Herpes zoster infection has a high incidence especially among the elderly, with 20–30% of the population affected at any time (1). A milestone in herpes zoster research was accomplished by Hope-Simpson in 1964, who observed the infection of chickenpox and shingles in people living on a small Scottish island, and hypothesized that herpes zoster is caused by a reactivation of the chickenpox virus (2). It is clear now that herpes zoster is caused by the reactivation of varicella zoster virus (VZV). Primary infection with VZV leads to varicella, during which VZV is latent in the ganglion neurons. Individuals with lower immunity have a high risk of reactivated VZV, and subsequent herpes zoster (3–5).

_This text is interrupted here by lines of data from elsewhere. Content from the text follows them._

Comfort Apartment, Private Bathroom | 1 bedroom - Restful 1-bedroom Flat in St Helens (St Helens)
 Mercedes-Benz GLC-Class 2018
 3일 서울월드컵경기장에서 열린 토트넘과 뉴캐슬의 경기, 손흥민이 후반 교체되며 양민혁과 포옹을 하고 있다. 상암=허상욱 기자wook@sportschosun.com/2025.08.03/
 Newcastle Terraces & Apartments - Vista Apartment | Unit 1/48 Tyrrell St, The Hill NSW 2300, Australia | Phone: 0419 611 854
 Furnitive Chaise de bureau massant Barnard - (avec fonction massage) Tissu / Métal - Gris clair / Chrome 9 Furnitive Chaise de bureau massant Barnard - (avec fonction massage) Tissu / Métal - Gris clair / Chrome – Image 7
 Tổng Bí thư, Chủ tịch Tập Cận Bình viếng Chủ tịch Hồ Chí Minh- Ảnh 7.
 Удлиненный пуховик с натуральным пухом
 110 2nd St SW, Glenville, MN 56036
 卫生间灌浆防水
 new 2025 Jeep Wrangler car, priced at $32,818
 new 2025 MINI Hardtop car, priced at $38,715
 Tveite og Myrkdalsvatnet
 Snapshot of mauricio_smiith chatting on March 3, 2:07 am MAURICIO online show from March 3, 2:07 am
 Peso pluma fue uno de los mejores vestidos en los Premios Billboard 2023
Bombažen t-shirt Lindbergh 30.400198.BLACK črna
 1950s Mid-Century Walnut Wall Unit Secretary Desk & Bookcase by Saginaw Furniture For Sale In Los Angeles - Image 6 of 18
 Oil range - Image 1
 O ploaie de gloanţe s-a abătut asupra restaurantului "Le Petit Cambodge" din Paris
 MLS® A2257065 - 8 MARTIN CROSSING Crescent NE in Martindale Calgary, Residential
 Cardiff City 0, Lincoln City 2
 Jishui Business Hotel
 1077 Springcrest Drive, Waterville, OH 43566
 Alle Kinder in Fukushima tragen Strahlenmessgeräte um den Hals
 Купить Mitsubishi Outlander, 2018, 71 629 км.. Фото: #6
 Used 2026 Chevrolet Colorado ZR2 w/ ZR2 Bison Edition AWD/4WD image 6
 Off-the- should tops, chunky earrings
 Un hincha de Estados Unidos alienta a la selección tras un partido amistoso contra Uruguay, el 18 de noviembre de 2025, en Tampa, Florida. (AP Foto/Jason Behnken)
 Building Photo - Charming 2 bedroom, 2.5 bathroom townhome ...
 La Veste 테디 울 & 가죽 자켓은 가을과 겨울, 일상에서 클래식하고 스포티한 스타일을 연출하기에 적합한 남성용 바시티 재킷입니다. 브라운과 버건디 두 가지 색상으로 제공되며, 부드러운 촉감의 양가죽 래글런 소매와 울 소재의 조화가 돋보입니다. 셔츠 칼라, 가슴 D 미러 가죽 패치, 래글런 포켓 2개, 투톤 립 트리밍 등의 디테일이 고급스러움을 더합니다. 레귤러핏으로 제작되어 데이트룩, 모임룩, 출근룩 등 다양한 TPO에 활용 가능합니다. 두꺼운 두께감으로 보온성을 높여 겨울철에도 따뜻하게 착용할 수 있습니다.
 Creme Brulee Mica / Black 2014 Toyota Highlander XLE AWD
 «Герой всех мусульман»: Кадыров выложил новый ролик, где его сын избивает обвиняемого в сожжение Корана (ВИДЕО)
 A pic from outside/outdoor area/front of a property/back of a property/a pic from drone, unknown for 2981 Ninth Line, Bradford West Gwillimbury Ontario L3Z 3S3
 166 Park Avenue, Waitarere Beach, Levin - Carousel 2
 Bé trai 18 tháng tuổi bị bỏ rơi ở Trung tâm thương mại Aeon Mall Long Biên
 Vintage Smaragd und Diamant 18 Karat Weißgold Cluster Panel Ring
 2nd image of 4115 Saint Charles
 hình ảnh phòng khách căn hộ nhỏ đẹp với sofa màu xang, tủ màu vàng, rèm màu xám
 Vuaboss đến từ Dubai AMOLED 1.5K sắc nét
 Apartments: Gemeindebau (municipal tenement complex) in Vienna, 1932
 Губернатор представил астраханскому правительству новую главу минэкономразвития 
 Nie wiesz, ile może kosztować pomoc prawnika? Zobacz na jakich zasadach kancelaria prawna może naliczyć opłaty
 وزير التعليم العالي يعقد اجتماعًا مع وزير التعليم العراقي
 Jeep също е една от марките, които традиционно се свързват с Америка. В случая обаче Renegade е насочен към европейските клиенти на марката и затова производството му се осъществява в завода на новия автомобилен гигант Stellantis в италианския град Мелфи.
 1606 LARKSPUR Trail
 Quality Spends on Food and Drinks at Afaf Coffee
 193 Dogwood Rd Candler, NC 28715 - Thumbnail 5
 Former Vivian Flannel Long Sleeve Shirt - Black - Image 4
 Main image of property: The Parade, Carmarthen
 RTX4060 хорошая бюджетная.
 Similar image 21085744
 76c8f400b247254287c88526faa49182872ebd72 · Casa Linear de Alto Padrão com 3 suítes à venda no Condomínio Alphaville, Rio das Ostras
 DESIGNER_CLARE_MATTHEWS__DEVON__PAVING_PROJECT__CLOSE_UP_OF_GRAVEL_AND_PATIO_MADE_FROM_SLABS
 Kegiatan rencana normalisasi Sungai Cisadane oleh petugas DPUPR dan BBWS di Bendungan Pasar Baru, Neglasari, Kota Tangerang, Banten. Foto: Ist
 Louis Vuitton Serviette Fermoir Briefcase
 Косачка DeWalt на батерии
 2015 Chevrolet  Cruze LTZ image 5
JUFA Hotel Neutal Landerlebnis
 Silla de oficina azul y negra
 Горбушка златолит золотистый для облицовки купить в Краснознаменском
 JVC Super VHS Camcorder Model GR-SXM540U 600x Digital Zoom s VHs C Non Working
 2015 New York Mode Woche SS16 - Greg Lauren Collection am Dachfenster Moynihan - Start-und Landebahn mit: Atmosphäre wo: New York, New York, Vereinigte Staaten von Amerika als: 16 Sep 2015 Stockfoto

Herpes zoster infection usually manifests as a blistered, painful skin rash with several complications, causing a considerable burden to patients, society, and the country (6, 7). The most common and difficult to tolerate symptom is postherpetic neuralgia, which can cause severe chronic pain and limitations in activities (8–10). It can also lead to meningitis or meningoencephalitis, cerebellitis, isolated cranial nerve palsies that produce ophthalmoplegia or the Ramsay Hunt syndrome, multiple cranial nerve palsies (polyneuritis cranialis), vasculopathy, myelopathy, and various inflammatory disorders of the eye and other organs (4, 5). Efforts have been made in daily clinical practice to alleviate patient suffering due to herpes zoster, with early treatments like the application of antiviral drugs such as acyclovir, or analgesic drugs such as carbamazepine and pregabalin combined with neurotrophic drugs, achieved good efficacy. For drug-refractory cases, interventional, physical, and psychological therapies are available (6, 11). Pulsed radiofrequency therapy has gained popularity in recent years (7). Because eradication of the virus itself is difficult, prevention of infection is an attractive route for researchers. A vaccine has been available for over 50, and a pediatric vaccine is now undergoing clinical trials (12–14). However, the incidence of herpes zoster infection remains high, and patients worldwide still have a lower life quality due to the infection (15).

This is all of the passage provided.